As has been the case for the past few years, NASCAR's top series will open and close the season in the southern state of Florida with events at Daytona and Homestead respectively.
The schedule will get its usual warm-up event with the non-points Shootout at the 2.5-mile venue, followed by the season-opening Daytona 500 on February 26 - the latest date ever for the first race of the year since the 1966 season - as the only points-paying event of the month.
The main adjustments to the schedule have been the dates of the Talladega races, the first moving later in the year from April to May, the second one moving earlier in the autumn as the fourth event of the Chase.
Kansas gets an earlier date for its first race of the year at the end of April instead of June, while Kentucky Speedway will host its second ever Cup event in late June instead of early July. Dover will also have it's first race pushed to early June instead of May.

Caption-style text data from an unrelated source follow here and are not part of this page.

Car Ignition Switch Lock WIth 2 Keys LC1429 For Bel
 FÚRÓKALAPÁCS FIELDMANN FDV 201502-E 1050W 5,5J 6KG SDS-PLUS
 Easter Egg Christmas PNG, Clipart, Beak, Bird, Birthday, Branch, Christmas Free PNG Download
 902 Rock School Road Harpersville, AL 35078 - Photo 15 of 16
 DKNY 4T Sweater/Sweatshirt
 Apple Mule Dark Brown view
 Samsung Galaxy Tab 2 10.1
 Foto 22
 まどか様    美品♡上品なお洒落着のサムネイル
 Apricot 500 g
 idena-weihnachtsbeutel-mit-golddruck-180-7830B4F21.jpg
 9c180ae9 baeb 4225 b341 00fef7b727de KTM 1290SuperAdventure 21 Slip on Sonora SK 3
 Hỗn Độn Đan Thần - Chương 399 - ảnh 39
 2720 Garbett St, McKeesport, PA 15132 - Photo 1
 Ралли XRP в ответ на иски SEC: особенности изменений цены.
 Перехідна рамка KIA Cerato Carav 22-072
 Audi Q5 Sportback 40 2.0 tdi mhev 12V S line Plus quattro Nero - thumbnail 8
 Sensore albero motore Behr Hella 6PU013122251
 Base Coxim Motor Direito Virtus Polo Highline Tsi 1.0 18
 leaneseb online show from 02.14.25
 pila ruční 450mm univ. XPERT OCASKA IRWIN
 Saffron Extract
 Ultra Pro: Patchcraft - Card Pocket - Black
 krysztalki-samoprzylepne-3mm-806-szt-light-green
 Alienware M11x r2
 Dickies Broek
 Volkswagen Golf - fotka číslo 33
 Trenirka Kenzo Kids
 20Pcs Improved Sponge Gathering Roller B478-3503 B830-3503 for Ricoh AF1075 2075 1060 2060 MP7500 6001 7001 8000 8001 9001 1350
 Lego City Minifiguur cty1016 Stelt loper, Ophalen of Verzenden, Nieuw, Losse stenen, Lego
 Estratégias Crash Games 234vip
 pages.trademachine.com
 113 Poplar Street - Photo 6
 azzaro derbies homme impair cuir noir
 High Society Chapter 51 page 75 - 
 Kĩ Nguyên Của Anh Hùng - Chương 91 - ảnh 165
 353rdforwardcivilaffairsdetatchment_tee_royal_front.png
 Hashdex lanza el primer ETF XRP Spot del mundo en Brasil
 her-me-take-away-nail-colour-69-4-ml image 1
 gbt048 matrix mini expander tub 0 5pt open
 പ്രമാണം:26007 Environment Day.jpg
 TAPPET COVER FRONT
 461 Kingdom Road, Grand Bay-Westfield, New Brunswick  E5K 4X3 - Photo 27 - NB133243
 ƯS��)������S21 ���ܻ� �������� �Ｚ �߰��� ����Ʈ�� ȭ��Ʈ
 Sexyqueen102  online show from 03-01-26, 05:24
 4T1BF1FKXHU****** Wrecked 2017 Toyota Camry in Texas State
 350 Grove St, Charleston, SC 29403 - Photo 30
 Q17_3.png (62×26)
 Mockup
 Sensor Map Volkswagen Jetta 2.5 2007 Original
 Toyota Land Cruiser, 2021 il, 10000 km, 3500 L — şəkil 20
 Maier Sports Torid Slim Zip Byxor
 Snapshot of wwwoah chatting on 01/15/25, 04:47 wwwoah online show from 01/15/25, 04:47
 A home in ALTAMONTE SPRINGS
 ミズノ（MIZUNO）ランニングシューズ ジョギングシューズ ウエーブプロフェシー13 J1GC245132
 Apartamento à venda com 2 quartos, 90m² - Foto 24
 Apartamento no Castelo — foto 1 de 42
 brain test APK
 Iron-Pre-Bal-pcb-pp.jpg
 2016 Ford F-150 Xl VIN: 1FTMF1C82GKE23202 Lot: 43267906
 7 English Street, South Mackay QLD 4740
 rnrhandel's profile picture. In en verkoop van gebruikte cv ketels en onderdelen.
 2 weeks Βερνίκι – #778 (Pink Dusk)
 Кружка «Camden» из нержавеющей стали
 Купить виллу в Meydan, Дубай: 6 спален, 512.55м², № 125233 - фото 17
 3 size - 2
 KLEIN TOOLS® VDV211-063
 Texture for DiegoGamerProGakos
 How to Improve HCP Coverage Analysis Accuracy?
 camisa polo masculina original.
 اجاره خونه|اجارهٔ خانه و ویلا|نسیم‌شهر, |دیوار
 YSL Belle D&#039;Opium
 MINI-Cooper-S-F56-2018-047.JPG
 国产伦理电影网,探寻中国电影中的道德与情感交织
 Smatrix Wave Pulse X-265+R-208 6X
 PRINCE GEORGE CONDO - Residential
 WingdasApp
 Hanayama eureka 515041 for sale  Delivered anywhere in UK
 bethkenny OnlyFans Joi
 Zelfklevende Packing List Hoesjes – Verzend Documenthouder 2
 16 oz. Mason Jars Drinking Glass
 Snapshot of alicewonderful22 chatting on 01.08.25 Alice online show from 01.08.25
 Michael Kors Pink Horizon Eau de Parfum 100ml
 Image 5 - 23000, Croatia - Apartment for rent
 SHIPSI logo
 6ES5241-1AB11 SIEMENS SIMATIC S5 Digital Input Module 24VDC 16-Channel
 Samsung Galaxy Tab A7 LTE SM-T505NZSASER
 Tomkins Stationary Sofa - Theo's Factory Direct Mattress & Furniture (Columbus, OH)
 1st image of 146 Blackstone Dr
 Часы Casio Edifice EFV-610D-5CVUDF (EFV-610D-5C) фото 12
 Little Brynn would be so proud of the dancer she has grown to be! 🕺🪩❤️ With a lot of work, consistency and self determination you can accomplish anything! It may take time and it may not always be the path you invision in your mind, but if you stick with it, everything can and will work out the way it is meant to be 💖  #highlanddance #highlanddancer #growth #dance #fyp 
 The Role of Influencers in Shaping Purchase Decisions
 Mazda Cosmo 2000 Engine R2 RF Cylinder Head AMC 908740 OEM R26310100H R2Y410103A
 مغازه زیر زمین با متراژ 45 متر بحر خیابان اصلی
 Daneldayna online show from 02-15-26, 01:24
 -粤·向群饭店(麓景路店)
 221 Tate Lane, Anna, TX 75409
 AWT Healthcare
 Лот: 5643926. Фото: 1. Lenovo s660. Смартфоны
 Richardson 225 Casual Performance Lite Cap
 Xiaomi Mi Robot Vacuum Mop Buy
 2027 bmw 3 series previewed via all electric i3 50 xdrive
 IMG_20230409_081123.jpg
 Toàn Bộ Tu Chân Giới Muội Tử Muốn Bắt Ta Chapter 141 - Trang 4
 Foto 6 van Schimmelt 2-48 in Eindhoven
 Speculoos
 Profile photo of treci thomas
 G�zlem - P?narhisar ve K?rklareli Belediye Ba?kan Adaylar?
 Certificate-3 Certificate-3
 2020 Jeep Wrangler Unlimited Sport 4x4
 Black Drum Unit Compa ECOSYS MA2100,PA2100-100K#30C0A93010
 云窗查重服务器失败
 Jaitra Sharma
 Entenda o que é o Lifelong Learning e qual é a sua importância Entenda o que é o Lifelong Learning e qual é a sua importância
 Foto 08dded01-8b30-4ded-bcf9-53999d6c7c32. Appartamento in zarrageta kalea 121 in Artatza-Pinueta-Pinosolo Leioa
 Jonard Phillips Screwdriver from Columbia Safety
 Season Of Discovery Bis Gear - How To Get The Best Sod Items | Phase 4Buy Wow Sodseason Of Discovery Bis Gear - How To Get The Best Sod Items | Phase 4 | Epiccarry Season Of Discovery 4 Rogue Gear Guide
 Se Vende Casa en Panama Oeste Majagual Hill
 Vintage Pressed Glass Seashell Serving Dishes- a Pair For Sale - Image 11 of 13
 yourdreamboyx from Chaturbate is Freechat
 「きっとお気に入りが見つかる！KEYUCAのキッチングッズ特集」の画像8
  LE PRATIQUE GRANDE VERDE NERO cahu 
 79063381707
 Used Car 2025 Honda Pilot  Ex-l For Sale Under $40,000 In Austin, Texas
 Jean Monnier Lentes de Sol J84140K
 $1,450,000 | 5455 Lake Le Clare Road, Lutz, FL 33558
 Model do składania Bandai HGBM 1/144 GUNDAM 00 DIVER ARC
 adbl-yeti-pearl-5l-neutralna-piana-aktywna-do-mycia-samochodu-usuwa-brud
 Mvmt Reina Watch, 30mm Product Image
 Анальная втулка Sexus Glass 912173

The Chase will kick off at Chicagoland as this year, while the other nine venues remain exactly the same as the current playoff with the shift in the order of the Talladega event as the only variation.
During the 40-week period between the Shootout and the final race of the year there will only be two breaks, one in April and a second in July, going non-stop for 17 straight weekends from the Brickyard 400 at Indianapolis in the last week of July until the Chase final on November 18.
The All-Star race, the second non-points event of the season, will take place as usual in late May, one week ahead of the season's longest race.